Instructions for the task
Will you write out, word for word, every line from the one with "Silver necklace with a detailed pendant" to the final line of the data below, with the pictures left out?

Dataset extract
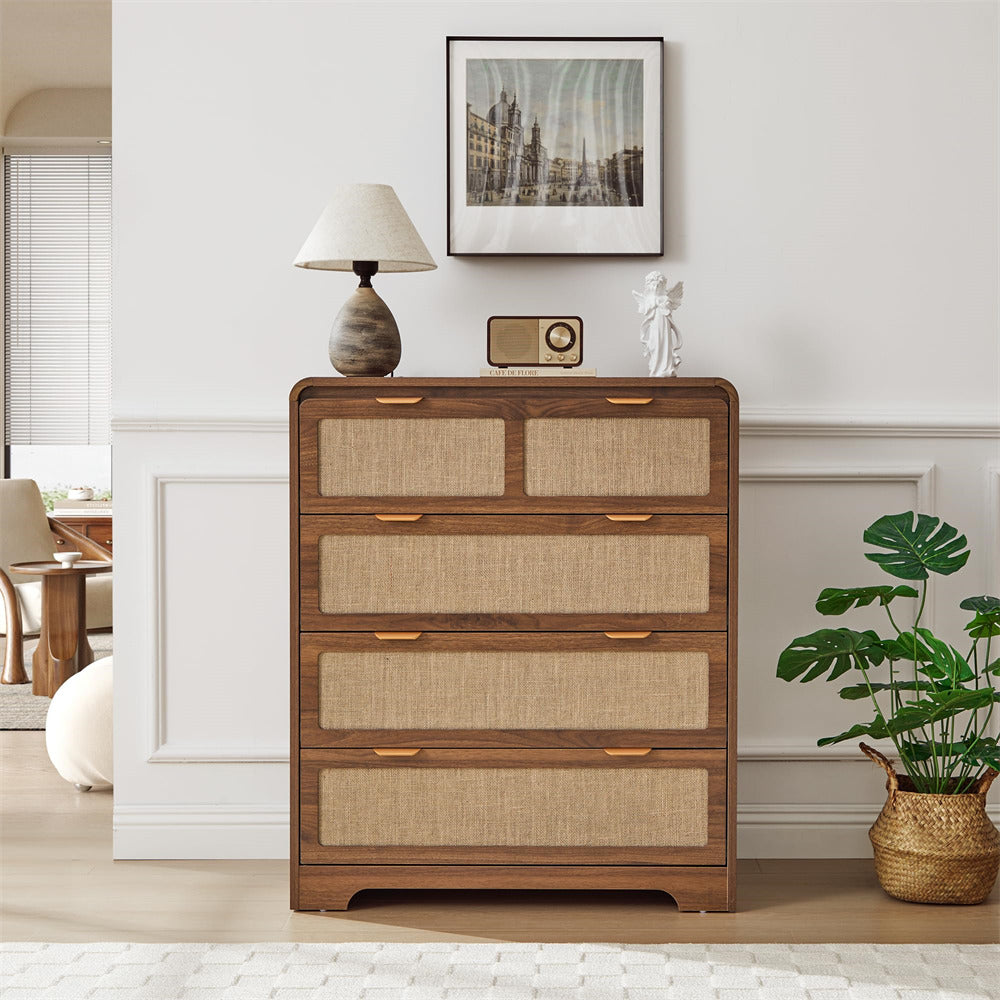 Wooden dresser with woven drawers in a room setting with decor elements.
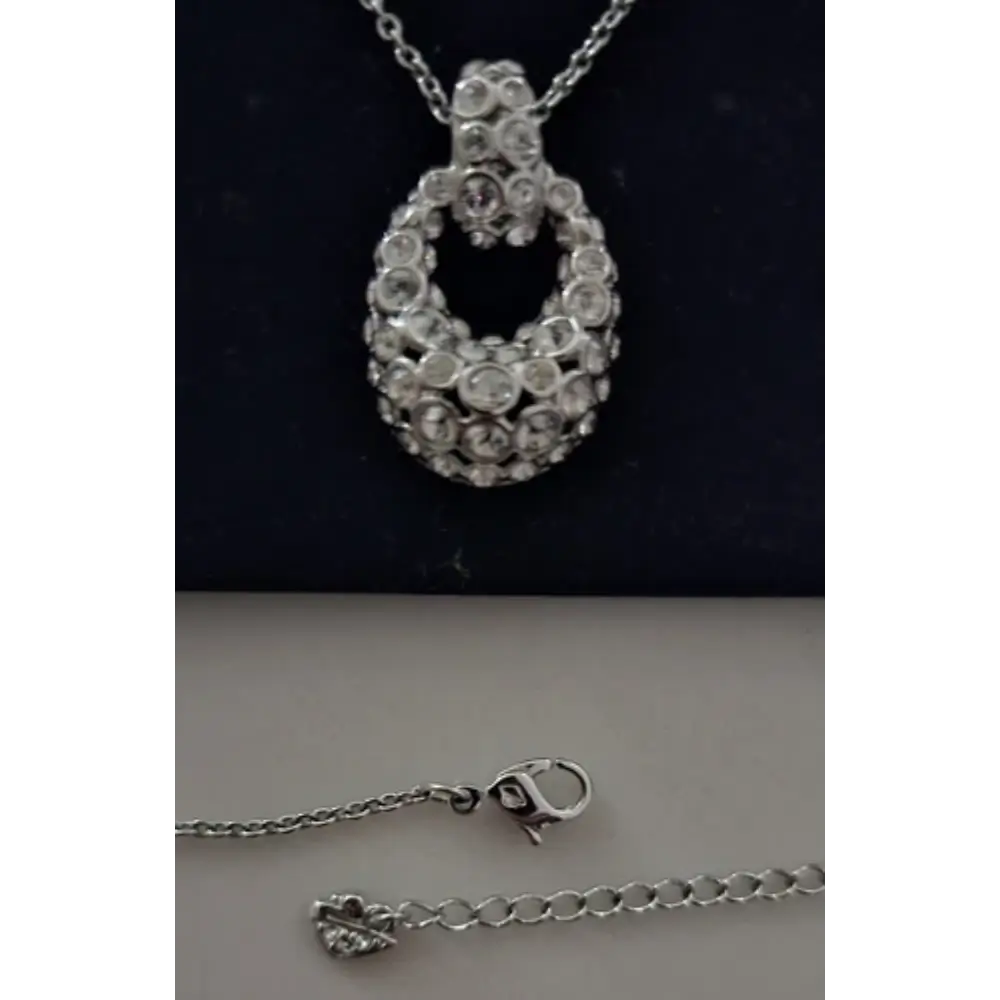 Silver necklace with a detailed pendant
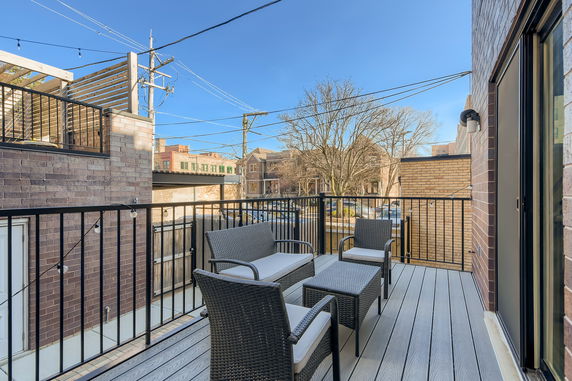 Rooftop area with outdoor seating and a view of surrounding structures.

Response to the task
 Silver necklace with a detailed pendant
 Rooftop area with outdoor seating and a view of surrounding structures.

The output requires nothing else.